Danau Poso yang diselimuti mendung
Hari ini kumulai jam 8.00 pagi. Tidak terasa sudah cukup ramai di luar kamar yang kutempati bersama Weni. Kudengar beberapa orang berbincang, dan kudengar pula bahwa Pak Rizal dan Bu Rukmini sudah datang sekitar jam 5 pagi tadi, bersama keluarganya, anak-anaknya. Setelah mandi dan membersihkan badan , aku ingin berkenalan dan menyapa rombongan yang baru datang, namun pas aku dekatin, semua orang sedang terkapar kelelahan. Wajar saja, mereka sepertinya sangat kelelahan.

Tidak berapa lama kemudian, jam 9 aku berkenalan dengan Bu Rukmini dan juga Pak Rizal kusampaikan maksud dan tujuanku, tentang project buku yang harus kuselesaikan bulan Mei ini dan juga rencana draft yang seharusnya ada untuk soft launch di tanggal 15. Pak Rizal menyampaikan bahwa rencana kedatangan dan tujuanku sudah diketahuinya dari Kipli. Bahwa aku adalah penerus pekerjaan Mbak Rina pun dia juga sudah tahu. ia juga sudah menyurati pengurus AMAN di Tampo Bada untuk membantu mengurus segala keperluanku. Yap, intinya semua tinggal berangkat.

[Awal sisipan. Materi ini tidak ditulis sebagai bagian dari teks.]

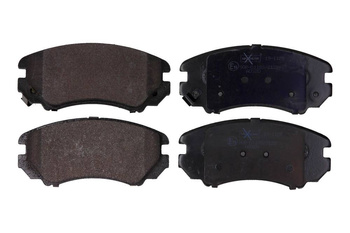 MAXGEAR Klocki Hamulcowe 19-1129 Hyundai Przód iX20 10-/Sonata/Coupe / Kia Sportage 05-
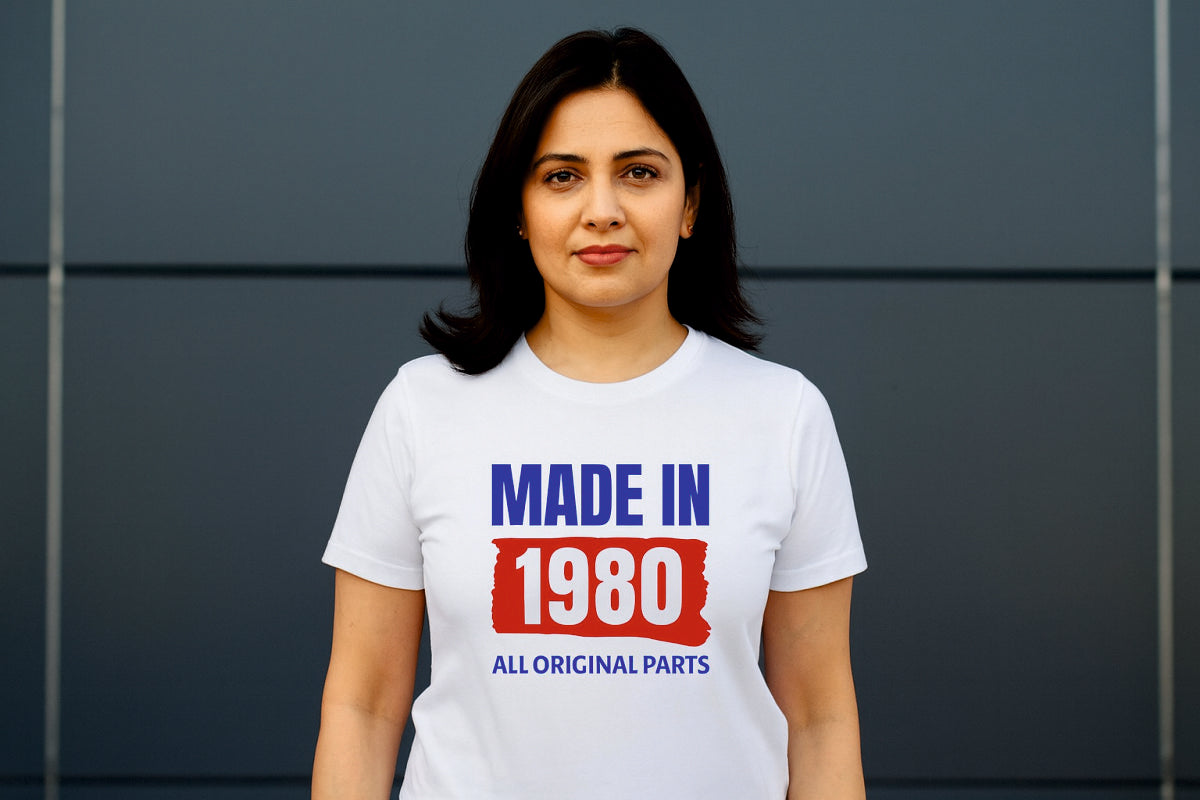 Made in Custom Year - All Parts Original T-Shirt for Men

Kutanyakan pula apakah ada dokumen-dokumen tentang Tampo Bada yang dimiliki Pak Rizal, namun sepertinya dia tidak membawa dokumen2 yang sudah ada. Kemungkinan masih bercecer di beberapa orang dan belum terkumpul jadi satu kesatuan.  Pergantian orang yang menangani suatu hal juga kurang diimbangi dengan transfer informasi sehingga terkadang informasi di orang lama tidak tersalurkan di orang baru. Kurang tahu juga. Tentu saja hal ini cukup mengkhawatirkanku mengingat aku harus membuat draft untuk soft launch dengan deadline yang seharusnya sebelum aku berangkat ke Palu, namun karena minimnya data yang kupegang, akhirnya deadline mundur juga. Pak Rizal mengatakan sebisa mungkin akan mencarikan transportasi untuk ke Bada hari ini. Kemungkinan siang, karena pagi hari orang-orang bersembahyang di gereja.

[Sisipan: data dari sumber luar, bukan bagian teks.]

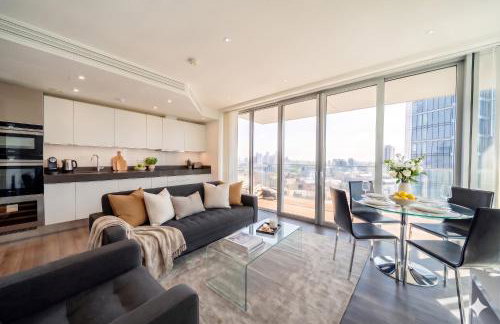 Aldgate Apartment with City View in Zone 1 London - Foto 9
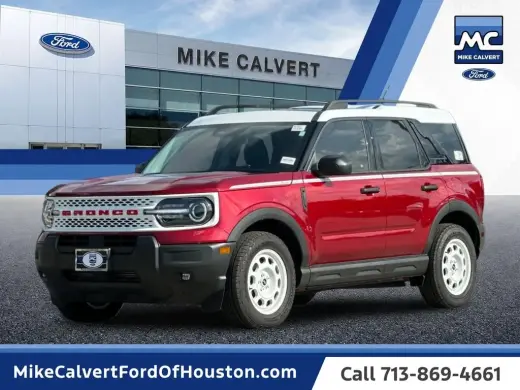 Ford Bronco Sport 2026 tracción en todas las ruedas Heritage 4p SUV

Tidak terlalu lama kami berbincang, kemudian Ibu Rukmini yang setelah berkenalan tadi keluar ruangan, masuk kembali dan mengajak kami makan pagi. Sarapan pagi dengan menu nasi goreng dan ikan pindang asin. J . Enak. Mengganjal perut yang memang sedari bangun tidur sudah keroncongan minta diisi. Semangkok sambal merah benar-benar menguji imanku. Tapi untungnya, aku masih kuat menahan godaan si merah ini. Ngeri juga dengan tragedi Pare.

Setelah makan pagi Pak Rizal dengan keluarganya pergi menuju Penginapan Dolido. Rupanya hari ini ada training yang diadakan oleh PW AMAN Sulteng yaitu training untuk kadernya (disebutnya training CO).  –Pantas saja Pak Rizal menyuruhku untuk ke Tentena Sabtu. Jika tidak, tentu saja aku harus berangkat sendiri ke Tentena karena semua pengurus AMAN di Palu pergi ke acara ini—Aku menyusul ke Dolido juga, sambil menunggu siang yang akan membawa si mobil yang akan membawaku ke Bada—heeh. Sekitar jam 9.30 aku bersama Weni, Hendra, Pak Bata (PW Aman tanah Luwu, Pak Ian (PW Sulsel), dan Pak Rizal yang kembali lagi menjemput kami.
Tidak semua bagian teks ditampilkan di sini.